1932年10月15日,由于托派叛徒的出卖,陈独秀被国民党特务逮捕。1937年8月23日出狱后他公开宣布:“我不代表任何人,我已不隶属于任何党派。”以此撇清与托派的关系。失去了陈独秀的影响,中国托派呈现树倒猢狲散的局面,一部分人病死狱中,一部分人投靠了国民党特务机关,还有一部分人为了生存而流落社会,只有极少数成员还勉强挣扎着进行托派事业。
1948年9月,以彭述之为首的多数派宣布成立“中国革命共产党”,产生了以彭述之为书记的中央机构。不久彭述之等逃至香港。以王文元、郑超麟为首的少数派于1949年4月宣布成立“中国国际主义工人党”,选举王文元为书记,郑超麟等为中央委员,党员100余人,不久该派也将机关迁往香港。至此,中国托派在政治上已无影响。
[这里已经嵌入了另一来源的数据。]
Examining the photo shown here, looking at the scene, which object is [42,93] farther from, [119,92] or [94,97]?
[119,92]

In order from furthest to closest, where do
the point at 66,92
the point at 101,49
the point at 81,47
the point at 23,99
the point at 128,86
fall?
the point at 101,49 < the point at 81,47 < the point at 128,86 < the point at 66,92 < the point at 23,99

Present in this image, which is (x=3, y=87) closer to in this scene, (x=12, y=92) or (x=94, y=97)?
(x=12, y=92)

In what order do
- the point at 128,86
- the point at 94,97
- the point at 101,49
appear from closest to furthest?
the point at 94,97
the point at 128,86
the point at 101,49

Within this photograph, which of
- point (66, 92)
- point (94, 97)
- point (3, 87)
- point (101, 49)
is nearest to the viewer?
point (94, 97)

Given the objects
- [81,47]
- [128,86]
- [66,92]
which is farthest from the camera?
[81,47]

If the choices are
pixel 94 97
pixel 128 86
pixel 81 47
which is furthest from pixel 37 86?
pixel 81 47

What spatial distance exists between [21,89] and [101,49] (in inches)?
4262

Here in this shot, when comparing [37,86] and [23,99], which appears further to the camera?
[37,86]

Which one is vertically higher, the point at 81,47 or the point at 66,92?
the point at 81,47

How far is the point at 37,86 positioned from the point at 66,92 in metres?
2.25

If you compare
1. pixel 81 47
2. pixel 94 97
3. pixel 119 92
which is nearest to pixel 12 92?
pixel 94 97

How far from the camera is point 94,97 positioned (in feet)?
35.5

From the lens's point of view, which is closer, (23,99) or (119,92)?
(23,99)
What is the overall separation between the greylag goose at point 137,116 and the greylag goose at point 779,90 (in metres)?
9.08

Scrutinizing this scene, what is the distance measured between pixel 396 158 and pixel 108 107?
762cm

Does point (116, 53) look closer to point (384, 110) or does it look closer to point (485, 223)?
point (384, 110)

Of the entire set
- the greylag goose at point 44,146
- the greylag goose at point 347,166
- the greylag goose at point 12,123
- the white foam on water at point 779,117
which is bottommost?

总之,中国托派是国民革命失败及共产国际六大后国际共产主义运动大分裂的产物。他们以所谓“真正的马克思主义——托洛茨基主义”自诩,完全不顾中国的实际情况,把一些马克思主义的原理变成僵死的教条抱住不放,推行一条战略上极左、策略上极右的路线,其结果必然是到处碰壁并最终走向失败。
(五)第三党
面对南京国民政府的反动独裁统治,中共党人开始了工农武装暴动,推进土地革命的进程。而当时的资产阶级则处于观望状态。第三党就是在这样的大背景下产生的。第三党是由一部分激进的小资产阶级组建的一个异于国共又介乎国共之间的政派,又称中华革命党,其代表人物为邓演达和宋庆龄。
1.第三党的基本政治主张
在对当时中国革命基本问题的认识上。(1)对中国社会性质的认识。第三党认为中国社会既不是封建社会,也不是近代资本主义社会。认为“整个的中国社会,还滞留在封建势力支配的阶段,还是前资本主义的时代”。(2)对当时中国革命的对象、动力、领导阶级及现阶段任务的认识。第三党认为当时中国有两个阶级:一个是在帝国主义支配下的新旧军阀和封建资产阶级、豪绅地主联合的反动统治阶级;另一个是在政治上受压迫、经济上受剥削、无法维持生活的革命阶级。前者是革命的对象,后者是革命的动力。(3)对当时中国革命前途的认识。第三党认为中国革命的前途是向着“社会主义”前进。他们认为如果从经济上来考察,“中国的社会经济现时主要的还停滞在封建残余及前资本主义的阶段”。如果从阶级力量对比上来考察,则“资产阶级的政治意识是暗昧的”,而大多数的平民阶级特别是农工阶级则“十二分的需要解放的斗争”。所以中国革命必须建立“国家资本主义”,为达到社会主义铺平道路。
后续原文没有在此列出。